Landing Page
Available repo to chat
Chat window
Ingestion page

DocQuery: Convert Markdown Documentation from GitHub into an Intelligent, Searchable Knowledge Base with RAG

Inspiration

Documentation is often written in markdown files (.md or .mdx) and stored in GitHub repositories. While these files are effective for static documentation, they lack interactivity and the ability to power intelligent applications.

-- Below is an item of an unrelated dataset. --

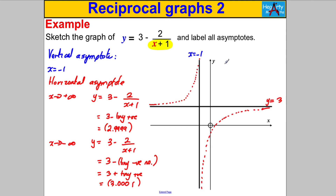And that's our sketch of y = 3 − 2/(x + 1). We're done — thanks loads for watching.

This inspired the creation of DocQuery, a RAG (Retrieval-Augmented Generation) application that turns markdown documentation into a searchable and intelligent knowledge base for LLMs.

What it Does

DocQuery allows users to:

Ingest markdown files directly from GitHub repositories.
Convert these files into a structured knowledge base optimized for LLMs.
Query the documentation using natural language, enabling users to get precise answers quickly.
Leverage hybrid retrieval techniques for enhanced search accuracy.

How We Built It

Markdown Ingestion: A pipeline to fetch, parse, and preprocess markdown files from repositories.
Knowledge Base Creation: Used dense (vector-based) and sparse (keyword-based) indexing for hybrid retrieval with mongodb.
RAG Implementation: Integrated LLMs to retrieve context and generate meaningful responses based on user queries.
User Interface: Built a sleek frontend for repository uploads and query handling.

Challenges We Ran Into

Creating UI to allow the user to select the markdown files they want to ingest, as the repo contains many .md files that the user may not want to use.
Ingestion takes time, so showing real-time updates on the frontend of the progress of ingestion.
Efficient Retrieval: Achieving the right balance between fast query response times and retrieval accuracy.
User Experience: Simplifying a technically complex process into an intuitive user interface.

Accomplishments That We're Proud Of

Successfully converting markdown files into a functional knowledge base for LLMs.
Implementing a hybrid retrieval system that enhances search relevance.
Creating an intuitive interface that simplifies repository uploads and query handling.
Building a scalable and efficient system to process large repositories.

Technology Stack

Frontend:
- UI Framework: Next.js with Shadcn for a stylish and performant user interface.
- AI Assistance: Copilotkit for enhanced developer productivity and a smoother development experience.
- Agent Interaction: Coagent for seamless communication with the LangGraph agent.
- Real-time Updates: Copilotkit Python SDK for real-time state updates and event emission between the Copilotkit UI and Coagent.
Backend:
- Framework: FastAPI for high-performance and efficient API development.
- LLMs:
  - LangChain for orchestrating LLM interactions and workflows.
  - LangGraph for knowledge graph representation and reasoning.
  - Gemini for efficient text embeddings.
  - Llama 3.3 70B (from TogetherAI) for advanced conversational capabilities.
- Data Storage:
  - MongoDB for both vector and full-text search, enabling hybrid retrieval for optimal search results.
- Data Management: Prisma for efficient data modeling and access.
Other:
- Copilotkit Python SDK for interaction between the Copilotkit UI and Coagent, facilitating real-time state updates and event emission.

What We Learned

Advanced markdown parsing techniques for handling complex documentation files.
Effective implementation of RAG pipelines for real-world use cases.
The importance of hybrid retrieval for combining keyword-based and semantic searches.
Designing systems that prioritize both performance and user experience.

What's Next for DocQuery

GitHub Integration: Automate repository ingestion with real-time updates.
Customizable Retrieval: Allow users to define custom indexing and query preferences.
Multi-File Support: Expand support for other file types like .pdf and .html.
Enhanced UI: Introduce analytics and visualization tools for better insights into documentation usage.